▸ **Activity**: Only the lines below from the one containing "Service OEM Slim" through the last line should be set down, exactly as written and with no pictures.

--- Data records Enclosed Below ---

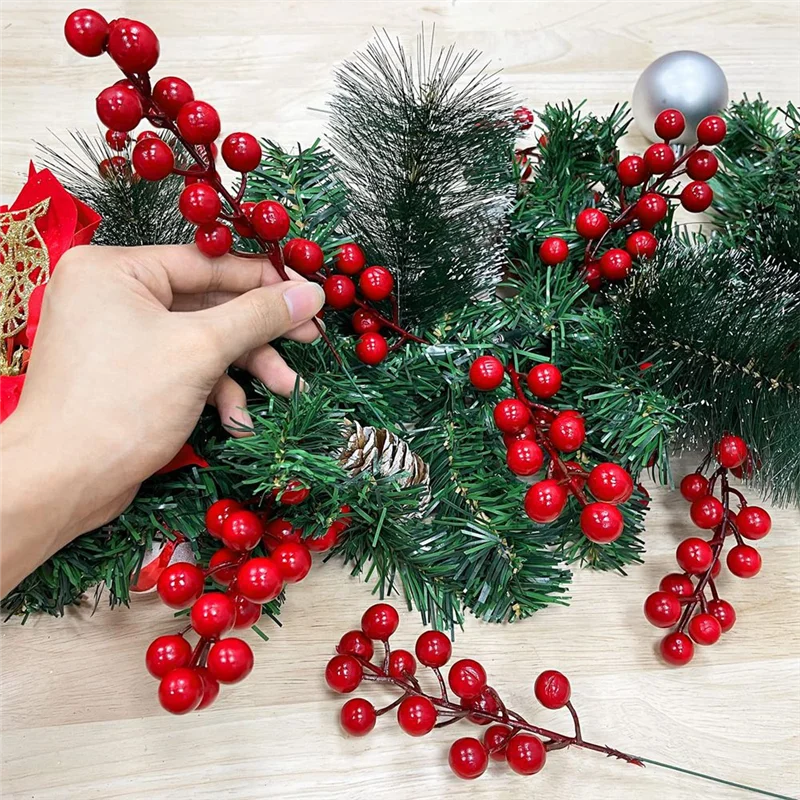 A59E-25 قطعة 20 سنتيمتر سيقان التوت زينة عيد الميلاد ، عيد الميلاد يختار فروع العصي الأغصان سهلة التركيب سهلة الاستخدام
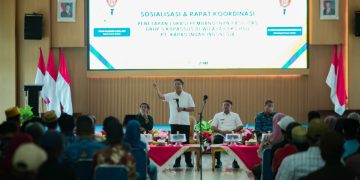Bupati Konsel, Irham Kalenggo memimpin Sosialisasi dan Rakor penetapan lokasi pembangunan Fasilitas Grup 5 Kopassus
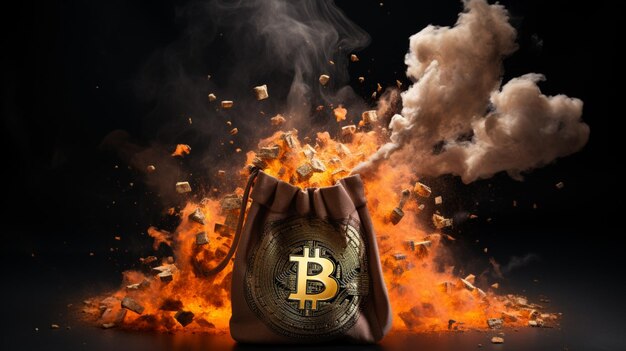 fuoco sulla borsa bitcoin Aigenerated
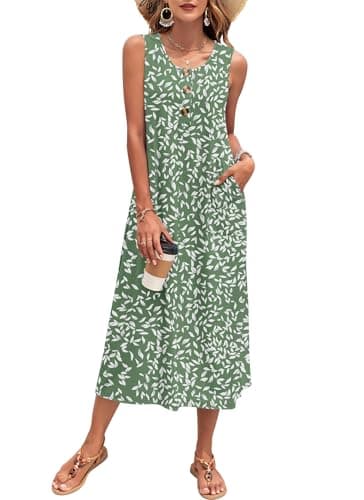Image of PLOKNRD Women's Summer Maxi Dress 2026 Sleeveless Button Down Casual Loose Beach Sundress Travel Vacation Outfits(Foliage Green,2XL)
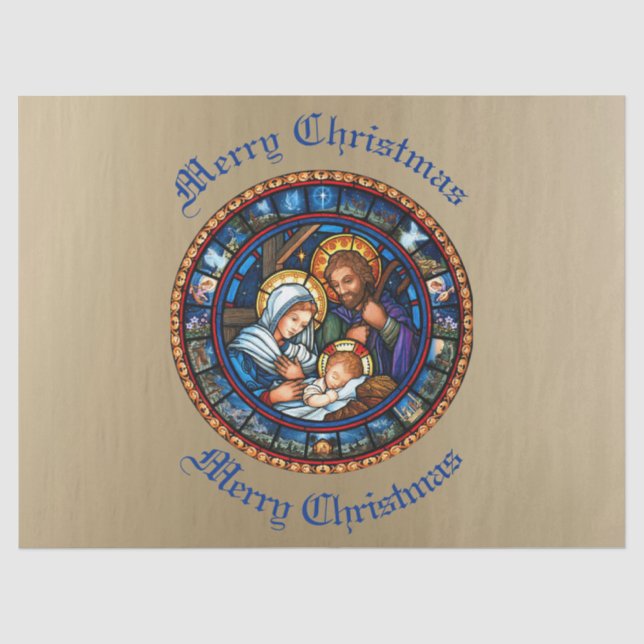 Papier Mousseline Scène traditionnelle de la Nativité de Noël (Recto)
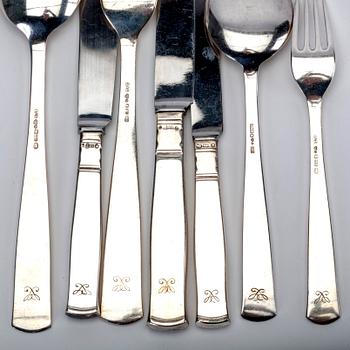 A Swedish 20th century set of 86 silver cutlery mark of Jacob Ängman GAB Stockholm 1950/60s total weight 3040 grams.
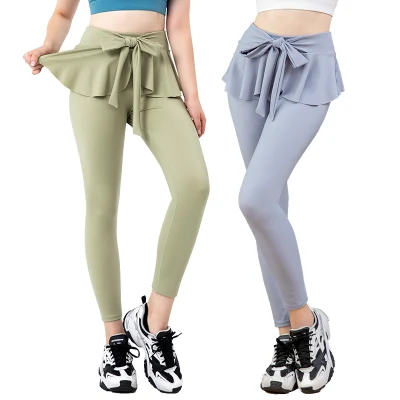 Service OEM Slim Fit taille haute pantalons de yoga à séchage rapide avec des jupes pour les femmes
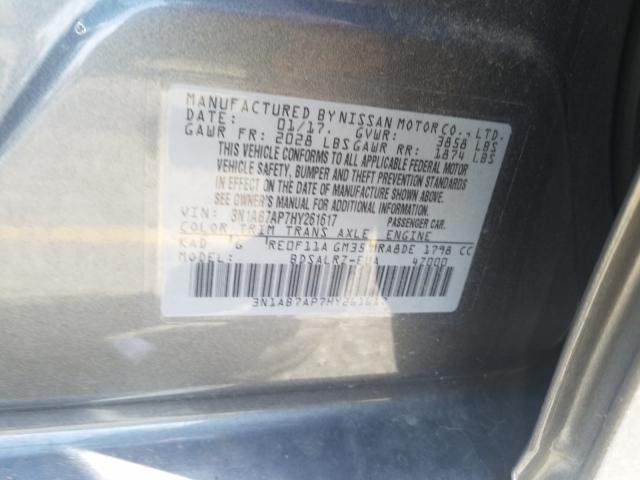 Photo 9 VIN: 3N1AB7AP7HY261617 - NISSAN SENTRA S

--- End of Enclosed Data records ---

▸ **Answer to the problem**:
 Service OEM Slim Fit taille haute pantalons de yoga à séchage rapide avec des jupes pour les femmes
 Photo 9 VIN: 3N1AB7AP7HY261617 - NISSAN SENTRA S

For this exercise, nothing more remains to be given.